This would seem to dispose of presumptive title, or any other sort of title, to known mineral land passing with the grant to the state; but in the present case we do not deem it important to consider the question of whether the presumptive title existed in the state or not. It may be suggested parenthetically that an established practice has grown up in the Land Department to the effect that, where an application for the purchase of coal lands is made on school numbered sections, the applicant is given the status of a contestant, with the burden upon him to establish that the lands were known coal lands at the date of the grant; the state in each instance being the contestee. This being an established practice of the Land Department, the courts would not feel inclined, by extraordinary process, to disturb a construction thus placed upon the land law and consistently adhered to by the department through a long period of time, and upon the faith of which vested rights have been acquired and large expenditures made.

But that rule has no application here, since the contestee, the state, after being given an opportunity to produce testimony to defeat Braffet's prima facie case, voluntarily withdrew from the contest, thus surrendering any rights it may have had thereunder as contestee.

This leaves the case, however, subject to another rule of practice recognized by the department in cases where the application for entry or purchase is subject to contest. After a citizen has submitted required proof of compliance with the public land law and his entry has been placed of record, he is vested with a presumptive title to the land — a title such as precludes allowance of any other claim so long as his entry remains intact. The title of the entryman is not absolute, however, but it is still subject to investigation and scrutiny, and, if found for any reason to be invalid, it is liable to cancellation. But cancellation cannot emanate from thin air. It must rest upon a valid foundation, since the very existence of the entry segregates the land from the mass of the public domain, and a lawful reason must exist before an entryman can be deprived of his right.

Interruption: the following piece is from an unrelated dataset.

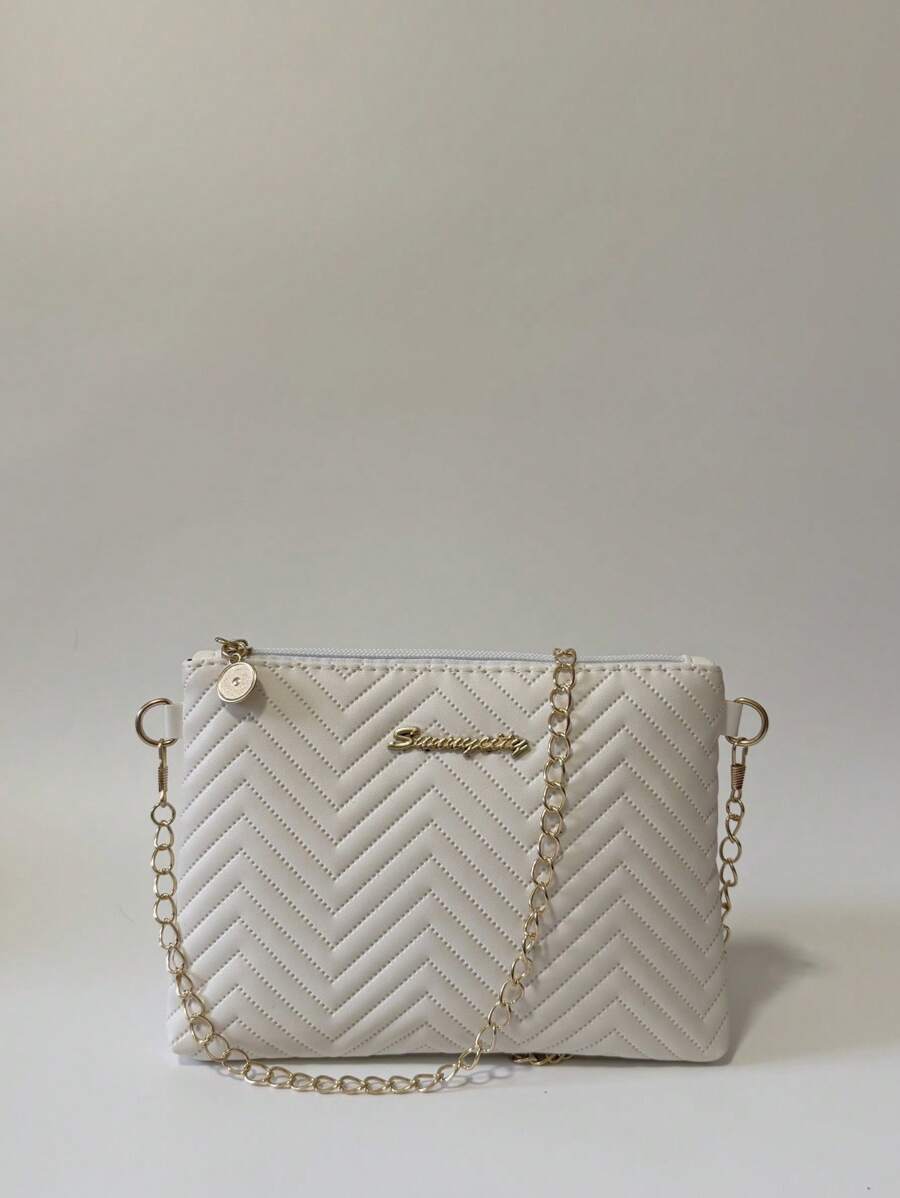 Bolso bandolera para teléfono con cadena desmontable con efecto ondulado en relieve, bolso de hombro de color liso y minimalista, bolso de mano elegante y de moda para mujer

Thus it will be observed that by the rule of practice established in the department, and indeed by the law as announced by the courts in many cases, the moment that Braffet's application for purchase was placed of record in the local land office, he acquired an interest that could not be divested in favor of any other claim so long as his entry remained intact. It was in that condition when the Secretary ordered the case remanded to the local land office. Hence it appears that, under that theory of the case, the state and the Coal Company, by their failure to further contest Braffet's claim, removed the only obstacle to the allowance of his application. By his submission of prima facie proof to the satisfaction of the Land Department that the lands were known coal land at the date of the grant to the state, and the failure of the state to rebut that proof, his application became complete, and upon payment of the price he is entitled to a patent.

But it is sought to sustain this case on the lease subsequently executed to the Coal Company, on the theory that under section 2 of the Leasing Act, after stating the conditions under which the Secretary may lease mineral lands, the act provides: "That the Secretary is hereby authorized, in awarding leases for coal lands heretofore improved and occupied or claimed in good faith, to consider and recognize equitable rights of such occupants or claimants."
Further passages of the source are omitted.